Le Moyen-Orient rappelle au “Trump des Tropiques” que le Brésil n’est pas les Etats-Unis 

Au Brésil, le président d’extrême droite fraîchement élu Jaïr Bolsonaro, vient d’essuyer un premier revers dans sa tentative d’imposer une politique étrangère nationaliste à l’image de son homologue américain Donald Trump. La semaine dernière, Bolsonaro a en effet annoncé que, comme Trump, il allait relocaliser l’ambassade de son pays en Israël de Tel-Aviv à Jérusalem. Cependant, cette annonce menace d’avoir des conséquences potentiellement désastreuses pour le Brésil.

Le premier ministre israélien, Benjamin Netanyahu, s’est félicité de cette décision, et a qualifié Bolsonaro d’« ami ». Mais il semble  être le seul à avoir témoigné de sa satisfaction.

Une visite diplomatique annulée en Egypte

L’Égypte a en effet annoncé le report de la visite qu’Aloysio Nunes Ferreira, un diplomate brésilien, devait faire les 8 et 11 novembre derniers, au cours de laquelle il devait rencontrer le président égyptien Abdel Fatah el-Sisi et son homologue égyptien Sameh Shoukry. 

Le ministère des Affaires étrangères égyptien a justifié ce report par des impossibilités d’agenda officiel. Mais selon deux sources diplomatiques du ministère des Affaires étrangères égyptien qui ont souhaité demeurer anonymes, c’est bien à l’annonce de Bolsonaro de son intention de relocaliser l’ambassade du Brésil en Israël qu’il faut imputer ce revirement. Cette décision marque en effet une rupture avec le soutien de longue date du Brésil pour l’adoption d’une solution à 2 Etats pour résoudre le conflit israélo-palestinien.

Le secteur de la viande brésilien menacé de boycott

Cet accroc diplomatique ne soit pas son unique conséquence, et que l’Égypte ne soit pas la seule à manifester son mécontentement. Car le monde arabe dispose d’un levier puissant, pour contraindre le Brésil : il peut le menacer d’un boycott sur ses exportations.
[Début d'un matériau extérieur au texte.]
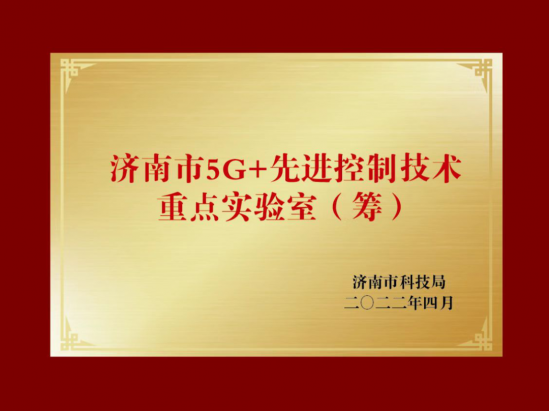 济南职业学院电子工程学院2024年招生简章 附学院简介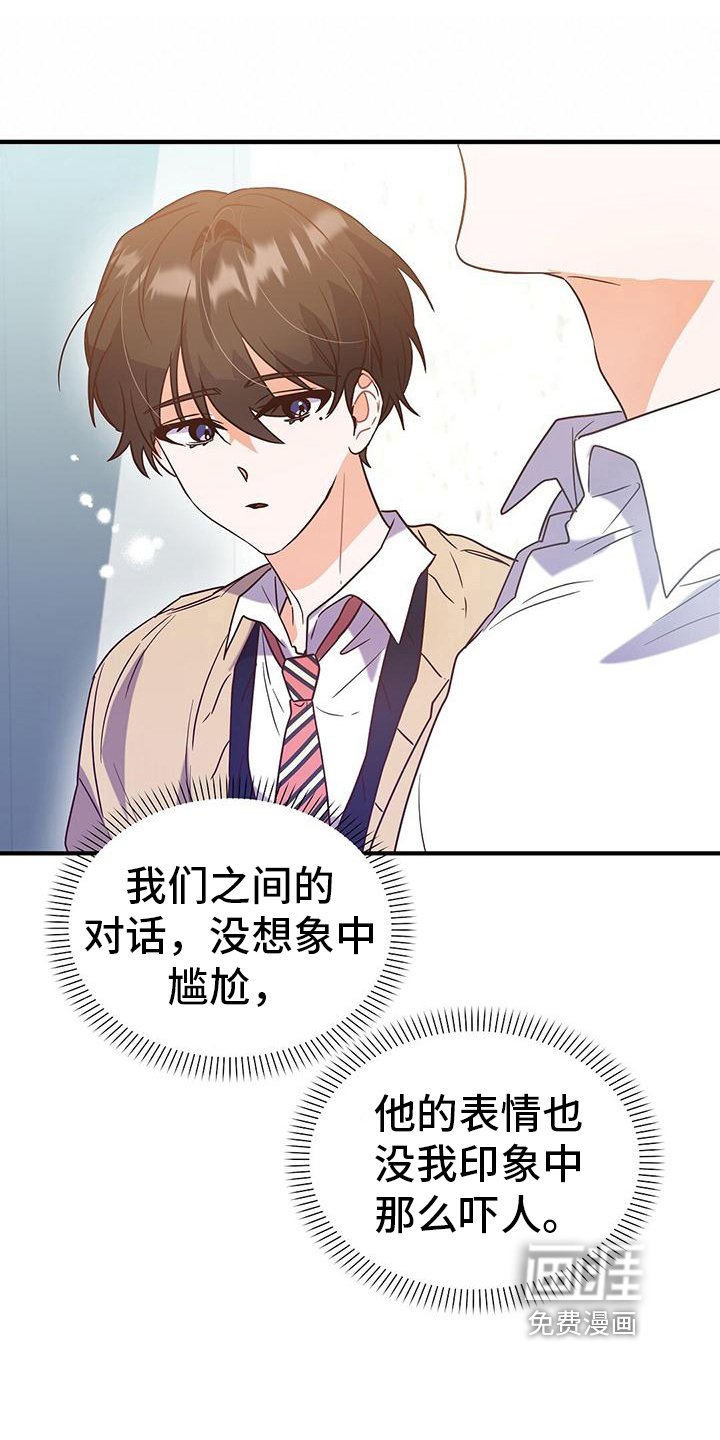 第11章：一起吃饭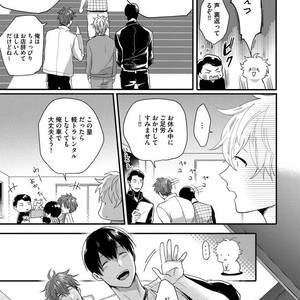[Ikuyasu] Momichupa Oppabu Osu Time [JP] – Gay Manga sex 141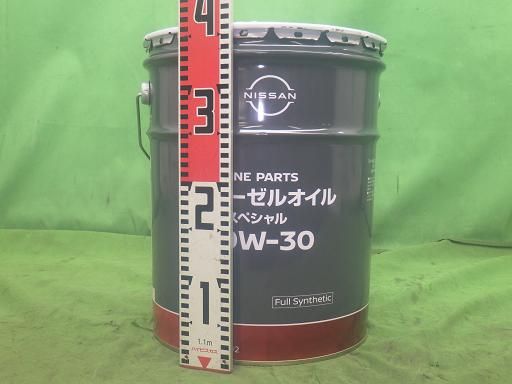 未使用】日産 ディーゼルオイル E26スペシャル 0W-30 1点 - メルカリ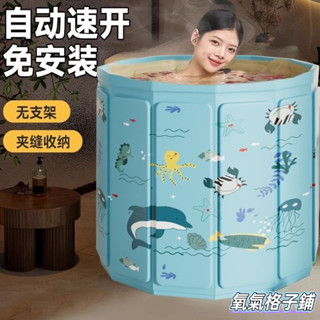 精選 折疊免安裝泡澡桶大人洗澡沐浴兒童家用浴缸一鍵展開收納不佔空間 kol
Cette menace a déjà été brandie à mots couverts : « La réaction ne sera pas donnée en tant que pays individuel, mais au nom de l’ensemble du monde arabe. Nous nous attendons à ce que le Brésil agisse avec raison et ne se confronte pas au monde arabe », a déclaré un diplomate turc à Reuters sous condition d’anonymat. 

Le Brésil est en effet le plus gros exportateur de viande halal, et le monde arabe est l’un des plus gros  marchés des éleveurs brésiliens. Chaque année, le pays exporte pour 16 milliards de dollars de viande au Moyen-Orient et en Turquie. Sur ce montant, seuls 3 % sont destinés à Israël. Les exportations de viande vers le Moyen-Orient représentent 1/4 des exportations totales du Brésil vers cette région. Les exportations annuelles de viande halal pèsent 5 milliards de dollars par an, soit plus du double que celles de l’Australie et de l’Inde, les pays concurrents les plus sérieux, qui seraient bien heureux de reprendre ces parts de marché.

La firme brésilienne BRF, le plus gros volailler du monde, a énormément misé sur la demande toujours croissante de viande halal. Elle a installé des usines en Turquie et aux Émirats arabes unis pour satisfaire la demande locale, et prévoit de doubler ses productions de produits préparés halal dans le Golfe d’ici à 2023. Pedro Parente, le président du conseil de l’entreprise, a qualifié la décision de Bolsonaro de « cause d’inquiétude ».

Rubens Hannun, président de la chambre de commerce Arabo-brésilienne, a rappelé que le Brésil bénéficierait également des investissements en infrastructures des fonds souverains arabes. Le fonds Mubadala Development des Émirats arabes unis, par exemple, a injecté 2 milliards de dollars dans l’empire brésilien des matières premières EBX il y a quelques années. « Nous ne voulons pas troubler cette relation. Nous craignons que cela ouvre la porte à la concurrence », a-t-il déclaré.

La leçon pour Bolsonaro : le Brésil n’est pas les Etats-Unis

Après l’annulation de la visite des diplomates brésiliens en Égypte, le « Trump des tropiques » a semblé rétropédaler, et déclaré que sa décision de relocaliser l’ambassade d’Israël n’était pas définitive. 

Contrairement à son homologue américain, qui peut se permettre de snober n’importe quel pays dans le cadre de sa politique « America First », il n’est pas à la tête d’une superpuissance mondiale, et dispose donc d’une influence bien moindre sur la scène politique internationale. Dans ces conditions, il n’aura pas une aussi grande marge de manoeuvre pour appliquer son agenda nationaliste.